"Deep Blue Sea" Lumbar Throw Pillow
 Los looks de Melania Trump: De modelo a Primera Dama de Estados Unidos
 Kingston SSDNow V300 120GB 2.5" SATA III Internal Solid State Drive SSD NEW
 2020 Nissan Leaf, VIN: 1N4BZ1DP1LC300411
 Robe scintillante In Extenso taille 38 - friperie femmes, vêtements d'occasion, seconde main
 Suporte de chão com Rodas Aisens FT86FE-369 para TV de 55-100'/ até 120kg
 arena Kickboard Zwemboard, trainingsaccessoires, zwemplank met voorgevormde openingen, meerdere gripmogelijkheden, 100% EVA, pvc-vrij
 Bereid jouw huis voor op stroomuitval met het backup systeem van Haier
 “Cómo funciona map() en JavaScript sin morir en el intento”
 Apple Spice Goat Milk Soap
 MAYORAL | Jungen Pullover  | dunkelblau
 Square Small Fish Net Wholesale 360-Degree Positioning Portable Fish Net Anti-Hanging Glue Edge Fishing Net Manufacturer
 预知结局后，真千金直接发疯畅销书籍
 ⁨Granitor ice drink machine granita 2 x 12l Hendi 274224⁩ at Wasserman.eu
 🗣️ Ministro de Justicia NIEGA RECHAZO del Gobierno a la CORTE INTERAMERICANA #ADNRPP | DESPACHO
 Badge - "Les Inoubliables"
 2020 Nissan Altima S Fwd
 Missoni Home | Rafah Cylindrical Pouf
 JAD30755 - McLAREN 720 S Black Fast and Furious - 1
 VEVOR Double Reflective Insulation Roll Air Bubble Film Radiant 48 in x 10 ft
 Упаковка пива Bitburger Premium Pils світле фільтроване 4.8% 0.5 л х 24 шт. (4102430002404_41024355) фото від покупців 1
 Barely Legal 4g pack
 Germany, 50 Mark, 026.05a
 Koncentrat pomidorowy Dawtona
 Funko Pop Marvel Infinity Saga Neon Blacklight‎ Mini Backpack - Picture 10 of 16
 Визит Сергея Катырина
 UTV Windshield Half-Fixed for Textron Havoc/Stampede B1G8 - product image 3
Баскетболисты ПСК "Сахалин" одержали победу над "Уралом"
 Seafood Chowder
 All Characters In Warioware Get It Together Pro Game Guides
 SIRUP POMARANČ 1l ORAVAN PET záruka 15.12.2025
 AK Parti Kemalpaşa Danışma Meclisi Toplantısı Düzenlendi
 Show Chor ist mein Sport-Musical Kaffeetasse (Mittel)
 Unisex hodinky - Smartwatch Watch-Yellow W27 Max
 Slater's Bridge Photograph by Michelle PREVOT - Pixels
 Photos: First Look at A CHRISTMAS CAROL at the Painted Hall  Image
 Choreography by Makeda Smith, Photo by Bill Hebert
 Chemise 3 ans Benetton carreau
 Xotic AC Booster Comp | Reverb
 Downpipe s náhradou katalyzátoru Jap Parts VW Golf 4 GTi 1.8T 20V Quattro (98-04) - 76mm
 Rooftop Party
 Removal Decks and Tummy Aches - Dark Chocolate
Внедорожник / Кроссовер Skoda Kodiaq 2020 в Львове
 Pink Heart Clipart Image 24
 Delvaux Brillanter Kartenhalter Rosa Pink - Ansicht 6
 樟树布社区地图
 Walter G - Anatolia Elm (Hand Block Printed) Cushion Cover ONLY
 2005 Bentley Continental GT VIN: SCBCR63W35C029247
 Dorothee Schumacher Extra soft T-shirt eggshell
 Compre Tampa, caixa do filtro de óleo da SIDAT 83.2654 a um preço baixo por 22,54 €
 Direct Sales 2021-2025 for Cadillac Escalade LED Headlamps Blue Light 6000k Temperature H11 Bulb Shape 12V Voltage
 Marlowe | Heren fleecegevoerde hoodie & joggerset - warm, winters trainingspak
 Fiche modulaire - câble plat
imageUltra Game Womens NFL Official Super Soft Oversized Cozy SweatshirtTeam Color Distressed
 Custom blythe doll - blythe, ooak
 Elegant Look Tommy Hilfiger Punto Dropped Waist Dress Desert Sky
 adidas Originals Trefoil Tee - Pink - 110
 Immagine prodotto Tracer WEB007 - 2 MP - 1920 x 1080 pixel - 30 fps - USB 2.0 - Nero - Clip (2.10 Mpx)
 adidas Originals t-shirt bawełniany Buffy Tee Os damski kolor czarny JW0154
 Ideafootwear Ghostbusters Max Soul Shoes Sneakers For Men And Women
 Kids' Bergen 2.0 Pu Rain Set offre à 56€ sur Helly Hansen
□ □ □
_PROBLEM DESCRIPTION_
Where a line in the data contains the string "Nissan", add it to your count, and give only the final number.

_RESULT_
2